I was told that my server refused to accept client network connections at a specific port could be due to the lack of file descriptors. I looked up what this is all about and read about it here: http://www.netadmintools.com/art295.html
So I tested my system and I got this:
cat /proc/sys/fs/file-nr
1088 0 331287
What does this mean? My limit is quite high yet I have 0 available file descriptors? why? How do I solve this for my server?
The second column actually stays at 0 even after I shutdown my server, it even stays at 0 even right after a boot!
You want to look at /proc/sys/fs/file-max instead
From recent linux/Documentation/sysctl/fs.txt:
file-max & file-nr:
The kernel allocates file handles dynamically, but as yet it doesn't free them again.

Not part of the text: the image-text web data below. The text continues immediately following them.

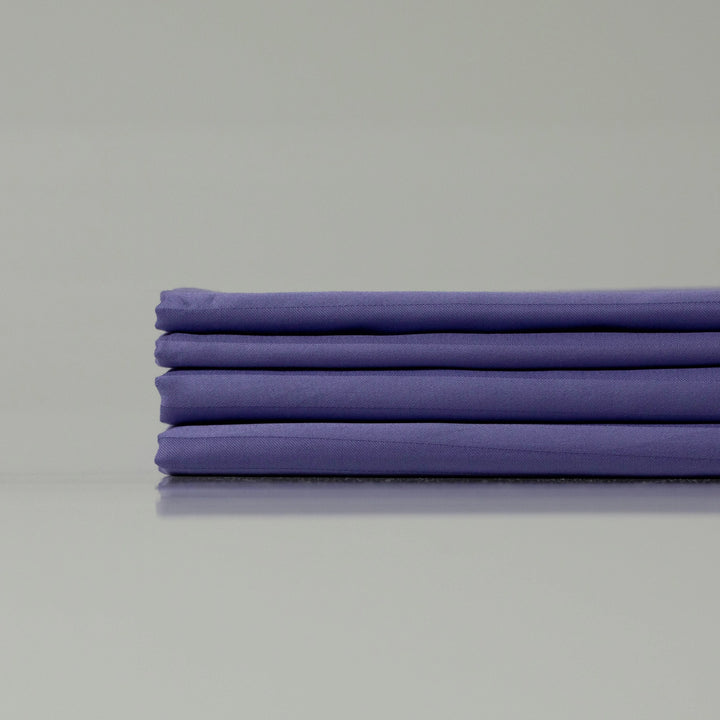 Neatly arranged deep purple sateen bedding set, emphasizing breathable and silky smooth fabric.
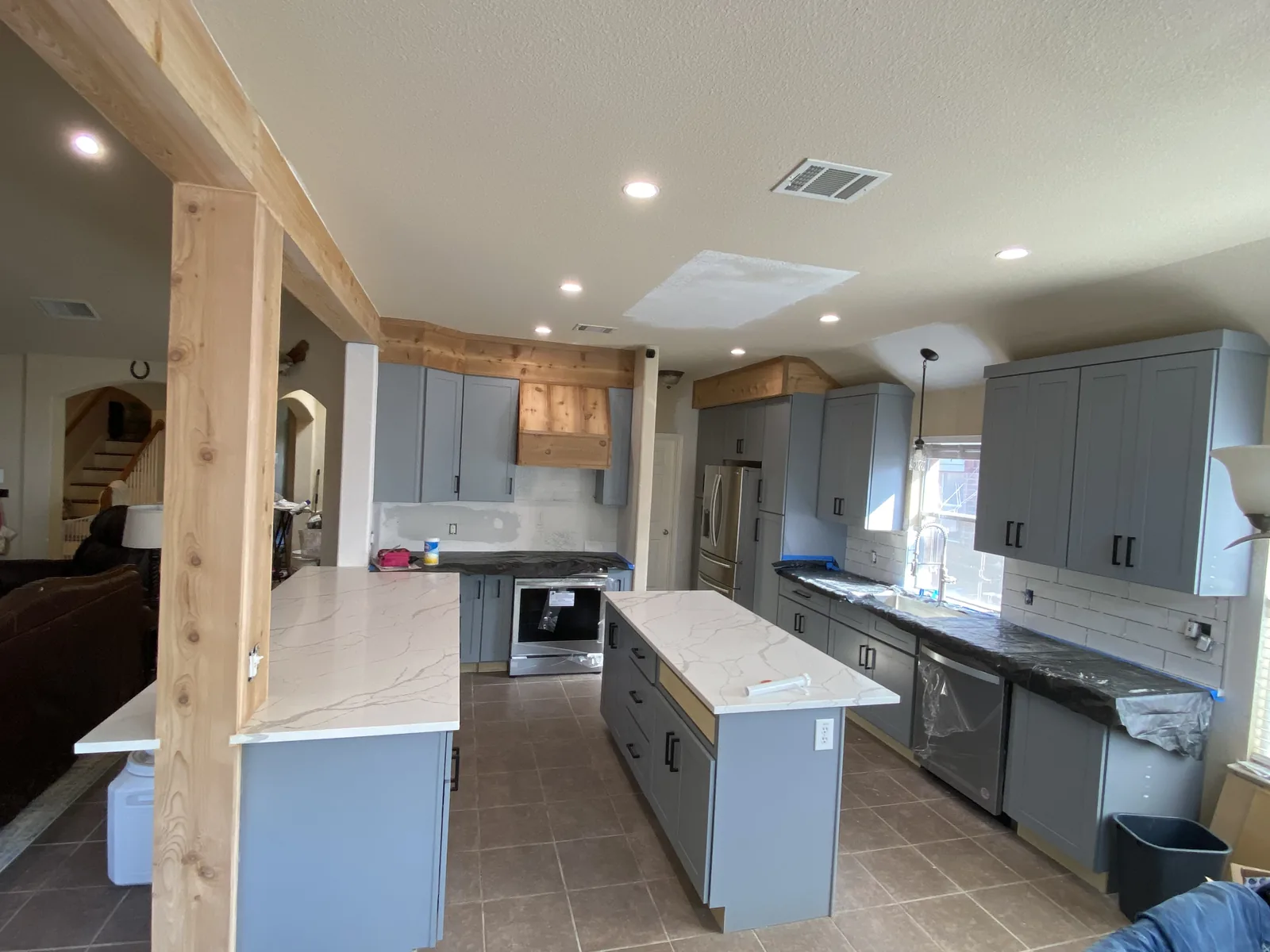 Schertz kitchen with blue grey cabinets, white quartz and exposed cedar beams
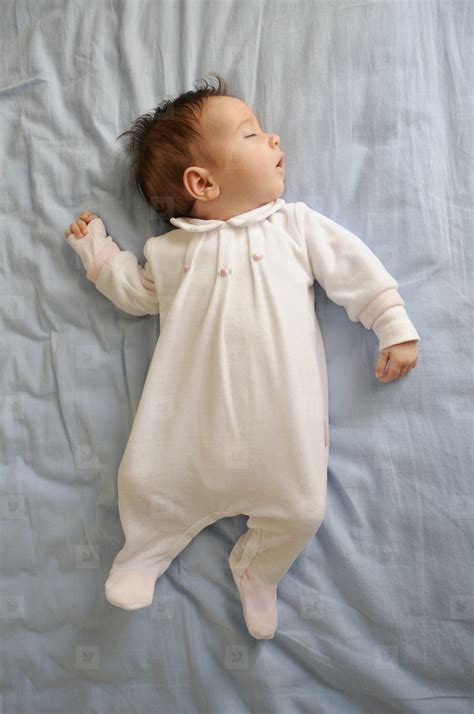 Newborn Baby Girl Sleeping On Blue Sheets Stock Photo 180771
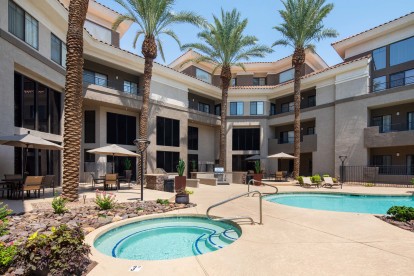 Swimming pool and spa near grilling stations and dining areas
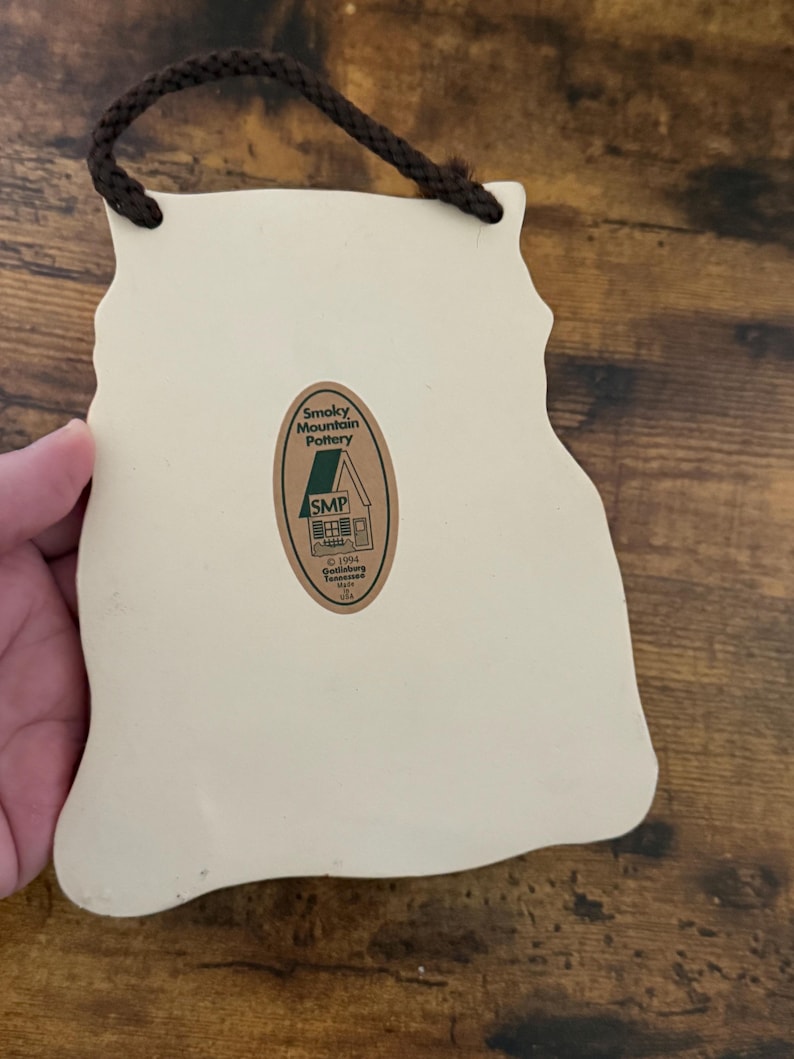 May include: Cream-colored ceramic wall hanging with a brown rope for hanging. The back features a sticker with the text "Smoky Mountain Pottery" and "SMP". The shape is an outline of a mountain range.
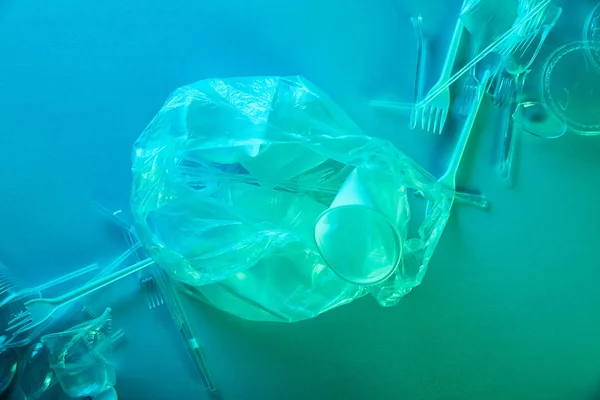 Vue de dessus du sac en plastique froissé, des tasses et des fourchettes en lumière bleue — Photo de stock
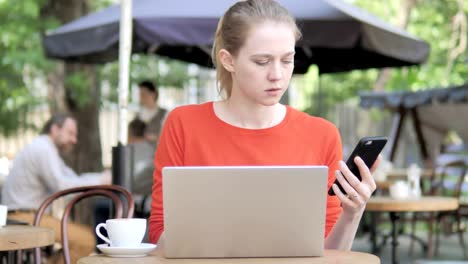 Junge-Frau-nutzt-Smartphone-und-Laptop-Sitting-in-Café-Terrasse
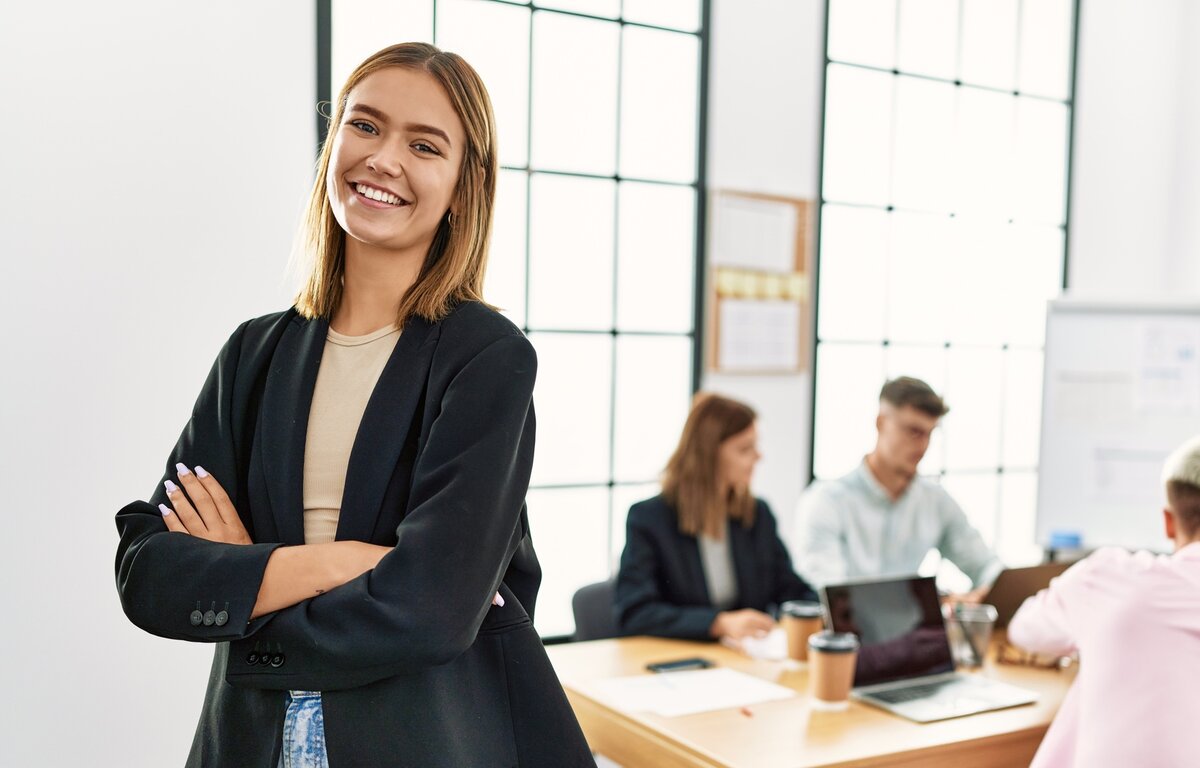 Weiterbildung Fachkraft Office-Manager*in (IHK) Office-Managerin steht vor einem Team in einem modernen Büro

The value in file-max denotes the maximum number of file- handles that the Linux kernel will allocate. When you get lots of error messages about running out of file handles, you might want to increase this limit.
Historically, the three values in file-nr denoted the number of allocated file handles, the number of allocated but unused file handles, and the maximum number of file handles. Linux 2.6 always reports 0 as the number of free file handles -- this is not an error, it just means that the number of allocated file handles exactly matches the number of used file handles.
Attempts to allocate more file descriptors than file-max are reported with printk, look for "VFS: file-max limit reached".
EDIT: the underlying error is probably not the system running out of global filedescriptors, but just your process. It seems likely that the problem is the maximum size limit of select.